"How Do You See Me?” The Portrayal of Black Women in Media

Radia Davis, IUP 

I’m fly. I’m vigilant with the way that I walk, talk and act. I take great pride in the different ways that I style my hair and the different types of clothing that I choose to wear. I see people stare at me until they finally decide to compliment me. “Look at you, looking like the ‘Real Housewives of Atlanta,’ or ‘Yo, you look like you belong on Love & Hip Hop, mixing it up with Joseline!’’

 I understand that the point of these “compliments” was to be funny, but that message was not received by me, nor any other black women as so.

The Real Housewives of Atlanta made its debut on national television in 2008. The original cast being: Lisa Wu, DeShawn Snow, Kim Zolciak, Sheree Whitfield and NeNe Leakes. This show was praised for its constant entertainment that was given to viewers week after week. Showcasing constant physical and verbal fights, untrustworthiness between friends, gossip, a new level of bragging and many other factors that play a major part in making  reality television what it is. When someone compared me to a real housewife, my mind automatically reverted back to the arguing and the fighting,  back to the plethora of gossip that is highlighted in every episode. My mind automatically reverted back to the sides that are being taken from members of the show or society shows black women going against each other. How can I take that as a compliment?

Another reality show that took off from the very start is the “Love & Hip Hop” franchise. The most popular branch is “Love & Hip Hop: Atlanta.” The original stars of the show were Erica Dixon, Rasheeda, Karlie Redd, K. Michelle, Mimi Faust and Joseline Hernandez.

I remember watching this show and being utterly amazed. I was astonished at the fact that a woman would publically broadcast that she was sleeping with a man that had a girlfriend and a child at home--which she was aware of. I remember watching an episode and seeing a woman fighting another woman who was supposedly sleeping with her baby’s father. A woman throwing a drink in another woman’s face and then proceeding to hit her with any object in sight.

When you compare me to these different shows, you’re insinuating that I’m angry, filled with drama, and that I’m a fighter in the sense that I like to stir up trouble even if it doesn’t pertain to me. Sir, I get that your “compliment” was meant to be funny, but I’m still waiting on the hilarity in your statement.
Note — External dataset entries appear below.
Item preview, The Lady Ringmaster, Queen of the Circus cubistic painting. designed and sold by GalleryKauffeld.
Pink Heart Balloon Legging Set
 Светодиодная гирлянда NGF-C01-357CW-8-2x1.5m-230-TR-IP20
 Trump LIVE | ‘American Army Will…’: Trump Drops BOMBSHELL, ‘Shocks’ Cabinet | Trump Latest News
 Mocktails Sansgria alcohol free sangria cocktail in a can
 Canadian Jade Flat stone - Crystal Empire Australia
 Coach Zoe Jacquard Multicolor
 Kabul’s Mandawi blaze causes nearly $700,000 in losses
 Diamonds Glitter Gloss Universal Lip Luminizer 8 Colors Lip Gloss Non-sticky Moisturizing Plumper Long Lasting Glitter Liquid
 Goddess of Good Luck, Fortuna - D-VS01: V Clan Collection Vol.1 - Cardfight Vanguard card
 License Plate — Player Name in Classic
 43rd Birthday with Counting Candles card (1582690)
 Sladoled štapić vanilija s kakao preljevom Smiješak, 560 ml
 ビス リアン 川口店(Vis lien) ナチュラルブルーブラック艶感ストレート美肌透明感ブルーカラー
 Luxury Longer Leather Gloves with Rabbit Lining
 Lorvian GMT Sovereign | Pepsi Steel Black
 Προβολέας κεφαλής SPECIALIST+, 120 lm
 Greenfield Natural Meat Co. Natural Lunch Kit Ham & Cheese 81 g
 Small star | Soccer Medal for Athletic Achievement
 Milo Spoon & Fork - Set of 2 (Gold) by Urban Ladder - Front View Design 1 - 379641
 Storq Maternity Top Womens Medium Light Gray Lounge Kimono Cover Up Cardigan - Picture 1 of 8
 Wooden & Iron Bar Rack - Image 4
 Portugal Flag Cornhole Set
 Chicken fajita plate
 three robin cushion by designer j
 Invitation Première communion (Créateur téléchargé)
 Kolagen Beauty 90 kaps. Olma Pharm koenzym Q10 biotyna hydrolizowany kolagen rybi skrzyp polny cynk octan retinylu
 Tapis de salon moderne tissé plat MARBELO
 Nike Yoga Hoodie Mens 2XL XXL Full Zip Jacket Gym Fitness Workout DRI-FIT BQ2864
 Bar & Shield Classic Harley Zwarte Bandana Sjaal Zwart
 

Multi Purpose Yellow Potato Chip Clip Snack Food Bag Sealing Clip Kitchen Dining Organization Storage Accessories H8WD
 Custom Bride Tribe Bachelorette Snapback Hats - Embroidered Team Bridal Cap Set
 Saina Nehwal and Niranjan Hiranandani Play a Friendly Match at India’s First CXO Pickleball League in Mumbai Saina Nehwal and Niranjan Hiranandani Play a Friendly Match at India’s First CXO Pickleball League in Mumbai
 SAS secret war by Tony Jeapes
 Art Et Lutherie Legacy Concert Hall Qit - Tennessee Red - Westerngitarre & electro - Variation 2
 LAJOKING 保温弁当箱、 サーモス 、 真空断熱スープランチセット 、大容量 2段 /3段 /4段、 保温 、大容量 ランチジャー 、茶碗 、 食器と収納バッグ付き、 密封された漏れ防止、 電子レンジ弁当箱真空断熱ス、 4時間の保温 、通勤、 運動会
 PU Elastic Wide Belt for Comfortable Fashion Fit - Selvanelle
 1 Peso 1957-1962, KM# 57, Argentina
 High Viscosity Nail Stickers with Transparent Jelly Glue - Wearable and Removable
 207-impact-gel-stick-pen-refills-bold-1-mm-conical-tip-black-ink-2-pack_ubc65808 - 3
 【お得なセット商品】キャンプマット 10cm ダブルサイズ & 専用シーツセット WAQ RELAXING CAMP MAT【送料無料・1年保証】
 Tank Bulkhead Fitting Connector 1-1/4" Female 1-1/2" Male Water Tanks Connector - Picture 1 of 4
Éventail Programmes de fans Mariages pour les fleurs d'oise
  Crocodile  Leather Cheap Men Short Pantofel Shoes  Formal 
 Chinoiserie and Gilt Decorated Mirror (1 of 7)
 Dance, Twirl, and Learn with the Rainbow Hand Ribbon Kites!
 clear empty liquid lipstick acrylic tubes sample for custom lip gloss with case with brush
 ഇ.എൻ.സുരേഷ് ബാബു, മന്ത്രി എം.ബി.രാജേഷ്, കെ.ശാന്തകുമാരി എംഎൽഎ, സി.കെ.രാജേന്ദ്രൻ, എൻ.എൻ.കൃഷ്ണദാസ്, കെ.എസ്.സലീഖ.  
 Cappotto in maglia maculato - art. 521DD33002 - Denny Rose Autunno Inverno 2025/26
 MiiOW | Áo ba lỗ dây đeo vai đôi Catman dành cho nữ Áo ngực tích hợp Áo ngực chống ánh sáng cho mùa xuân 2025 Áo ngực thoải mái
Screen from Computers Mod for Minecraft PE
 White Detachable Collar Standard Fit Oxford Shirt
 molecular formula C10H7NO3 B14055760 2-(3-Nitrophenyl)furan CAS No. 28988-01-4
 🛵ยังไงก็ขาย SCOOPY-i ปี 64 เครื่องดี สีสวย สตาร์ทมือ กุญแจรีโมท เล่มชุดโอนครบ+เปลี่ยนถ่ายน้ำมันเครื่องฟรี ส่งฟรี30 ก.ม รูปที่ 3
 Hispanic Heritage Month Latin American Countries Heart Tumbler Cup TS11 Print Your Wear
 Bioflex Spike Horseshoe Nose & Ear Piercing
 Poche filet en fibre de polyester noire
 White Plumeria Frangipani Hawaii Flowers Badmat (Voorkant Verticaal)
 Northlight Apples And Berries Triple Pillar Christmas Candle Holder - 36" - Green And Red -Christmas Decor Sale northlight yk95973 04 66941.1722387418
On the other side, there are people out there who could argue and ask how can black women be angry at any race for comparing them to the foul behavior that is displayed on any form of media outlet, depictions of black women as ratchet, unruly, distasteful, and outrageous. Women are willing to proclaim their business that should be private for personal gain and for the “root of all evil,” money. I took great pleasure in encouraging their behavior and it didn’t bother me until I was compared to that.

So how do you see me? How do I see myself? I don't want to be compared to the barbaric acts on television and I don't want you to compare me to that as well. How can we break this ideology that all black women are the same? Just because a woman is selling herself for her own personal and financial gains, that automatically makes me accountable? I don't think so .

I could list many different factors about the questionable acts that women display on television, but why would I continue to feed your mind with these ill thoughts? Just because the bad is displayed in greater numbers doesn’t mean that there isn’t any good.

Phylicia Rashad, ‘The Cosby Show’s’ as Clair Huxtable, was a boss. She was supportive, loving, fun, confident, brave and many other characteristics that deemed her as the black society’s ‘mom’. Not only was she all about her husband and family, she was a go-getter all by herself. Her husband wasn’t the only one making powerful moves and the one with a dominant profession. Clair Huxtable was an attorney, dedicated and determined. This is me.

 Ava DuVernay is an African American director, screenwriter, film marketer, and film director. Not only was she nominated for an Oscar for her first movie, The 13th,  she is also the first African American woman to be nominated for a Golden Globe, another boss. This is me.

Issa Rae is an African American actress, writer, director, producer, and web series creator. Many may know her from her web series, ‘Awkward Black Girl,’ but as of now, she is heavily known for her dominating show, ‘Insecure.’ Issa Rae is too a boss. This too, is me. So, try to compliment me again. “Look at you, looking like Clair Huxtable making moves and focusing on your studies,” or “You look like you belong on a show that shows empowerment of black women.” Why yes sir, I do.